Is it possible to write to Amazon Elasticsearch Service using elasticsearch-hadoop? #565

Closed
fblundun opened this Issue Oct 7, 2015 · 16 comments

Projects

None yet

6 participants

fblundun commented Oct 7, 2015

I have been trying to write to AWS's new Amazon Elasticsearch Service from a Scalding job using elasticsearch-hadoop (via scalding-taps).

This job has previously worked using Elasticsearch manually installed on an EC2 instance, implying that the problem is specific to Amazon Elasticsearch Service.

The first time I tried I got this error:

Caused by: org.elasticsearch.hadoop.EsHadoopIllegalStateException: Cluster state volatile; cannot find node backing shards - please check whether your cluster is stable
        at org.elasticsearch.hadoop.rest.RestRepository.getWriteTargetPrimaryShards(RestRepository.java:370)
        at org.elasticsearch.hadoop.rest.RestService.initSingleIndex(RestService.java:425)
        at org.elasticsearch.hadoop.rest.RestService.createWriter(RestService.java:393)
        at org.elasticsearch.hadoop.mr.EsOutputFormat$EsRecordWriter.init(EsOutputFormat.java:173)
        at org.elasticsearch.hadoop.mr.EsOutputFormat$EsRecordWriter.write(EsOutputFormat.java:149)
        at org.apache.hadoop.mapred.MapTask$DirectMapOutputCollector.collect(MapTask.java:844)
        at org.apache.hadoop.mapred.MapTask$OldOutputCollector.collect(MapTask.java:596)
        at cascading.tap.hadoop.util.MeasuredOutputCollector.collect(MeasuredOutputCollector.java:69)
        at org.elasticsearch.hadoop.cascading.EsHadoopScheme.sink(EsHadoopScheme.java:212)
        at cascading.tuple.TupleEntrySchemeCollector.collect(TupleEntrySchemeCollector.java:153)
        ... 21 more

I then tried setting es.nodes.client.only to true and instead got this error:

Caused by: org.elasticsearch.hadoop.EsHadoopIllegalArgumentException: Client-only routing specified but no client nodes with HTTP-enabled were found in the cluster...
        at org.elasticsearch.hadoop.rest.InitializationUtils.filterNonClientNodesIfNeeded(InitializationUtils.java:82)
        at org.elasticsearch.hadoop.rest.RestService.createWriter(RestService.java:373)
        at org.elasticsearch.hadoop.mr.EsOutputFormat$EsRecordWriter.init(EsOutputFormat.java:173)
        at org.elasticsearch.hadoop.mr.EsOutputFormat$EsRecordWriter.write(EsOutputFormat.java:149)
        at org.apache.hadoop.mapred.MapTask$DirectMapOutputCollector.collect(MapTask.java:844)
        at org.apache.hadoop.mapred.MapTask$OldOutputCollector.collect(MapTask.java:596)
        at cascading.tap.hadoop.util.MeasuredOutputCollector.collect(MeasuredOutputCollector.java:69)
        at org.elasticsearch.hadoop.cascading.EsHadoopScheme.sink(EsHadoopScheme.java:212)
        at cascading.tuple.TupleEntrySchemeCollector.collect(TupleEntrySchemeCollector.java:153)
        ... 21 more

I haven't made any changes to Amazon's default Elasticsearch configuration.

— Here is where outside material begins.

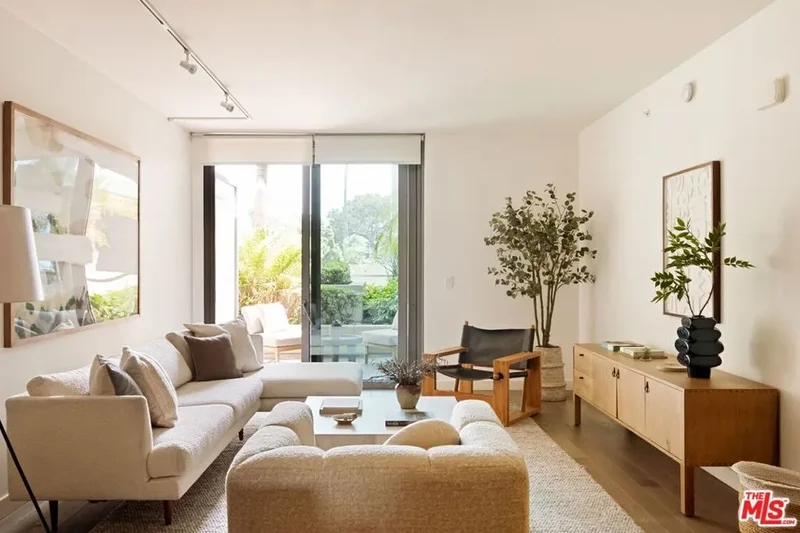 Condominium in Santa Monica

Does anybody have any idea how to make this work?

Member
costin commented Oct 7, 2015

Yes you just need to properly configure Elasticsearch (I need to add a section about this in the docs).
The issue lies with how Amazon configures its network namely Elasticsearch is running on private IPs but its reacheable through public ones.
When connector reaches ES, it only knows about the private IPs by default and since it cannot reach them, throws the exception above.

The solution is simple - use the AWS plugin which enables proper discovery in EC2/Amazon and also allows Elasticsearch to use the Amazon public IP for broadcast namely EC2 as explained here.

Hope this helps,

fblundun commented Oct 7, 2015

Thanks very much @costin ! I will try using the plugin.

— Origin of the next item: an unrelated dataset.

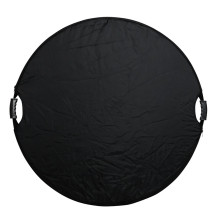 Apšvietimo Modifikatorius - 5-in-1 Reflektorius 60cm su Rankenomis Apšvietimo Modifikatorius - 5-in-1 Reflektorius 60cm su Rankenomis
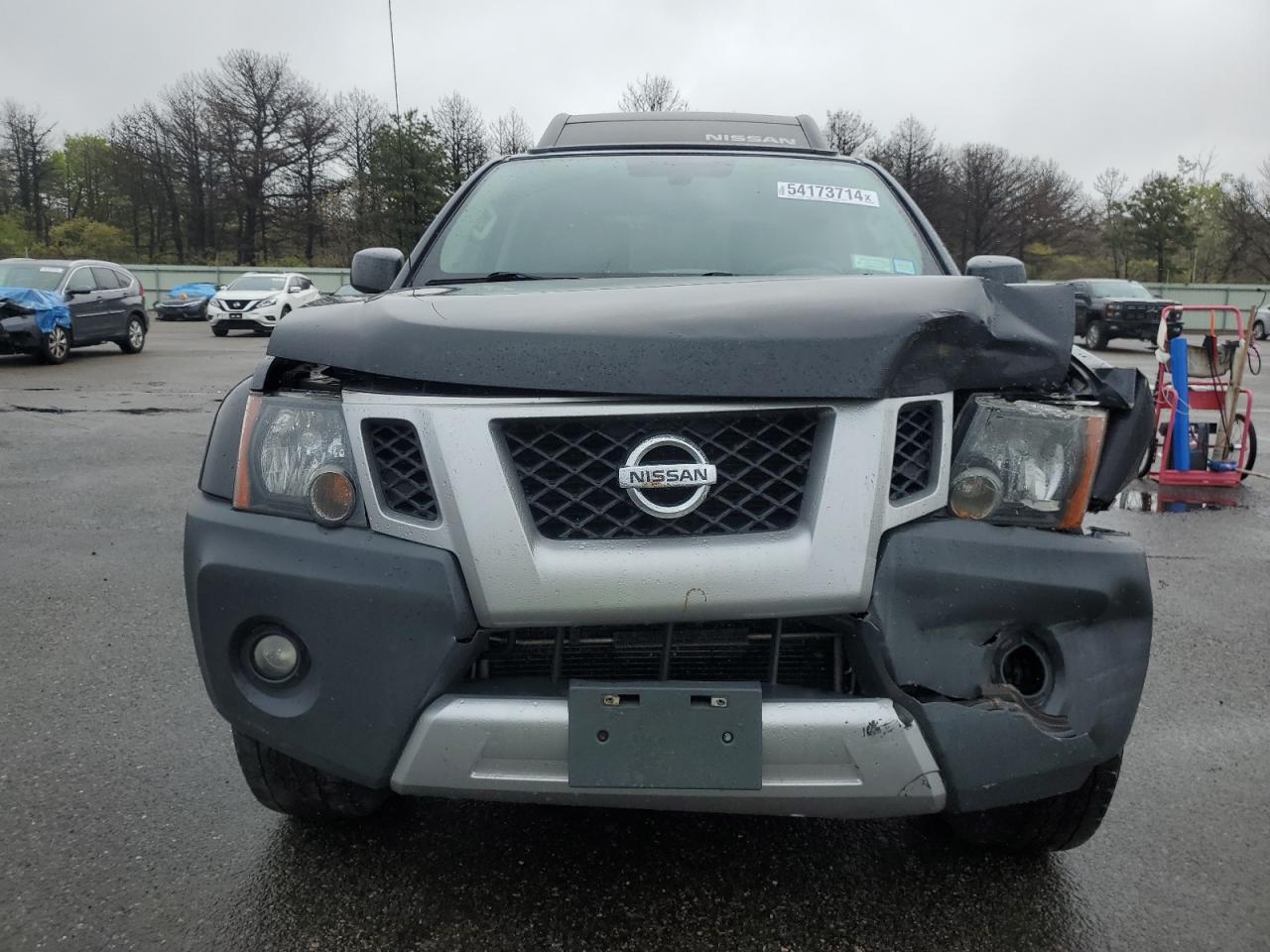 2015 NISSAN XTERRA X - Фото 5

fblundun commented Oct 7, 2015

The Amazon Elasticsearch Service Limits page says that only a few specific plugins are supported. Further investigation is needed but I'm not sure it's actually possible to enable the AWS Cloud Plugin...

Member
costin commented Oct 7, 2015

Now I see that you are referring to the Amazon Elasticsearch service. I'm not familiar with that but I expect this to be issue (private vs public). Is there anyway to configure the published/advertised IP?
If not that's quite an oversight since it means the nodes in Amazon cannot be accessed directly.
A workaround to this would be to install a proxy that is accessible form outside and has visibility into the private IPs.
The connector can use it thus to route its calls - it kills parallelism (all connections go through only one node) but it's should work.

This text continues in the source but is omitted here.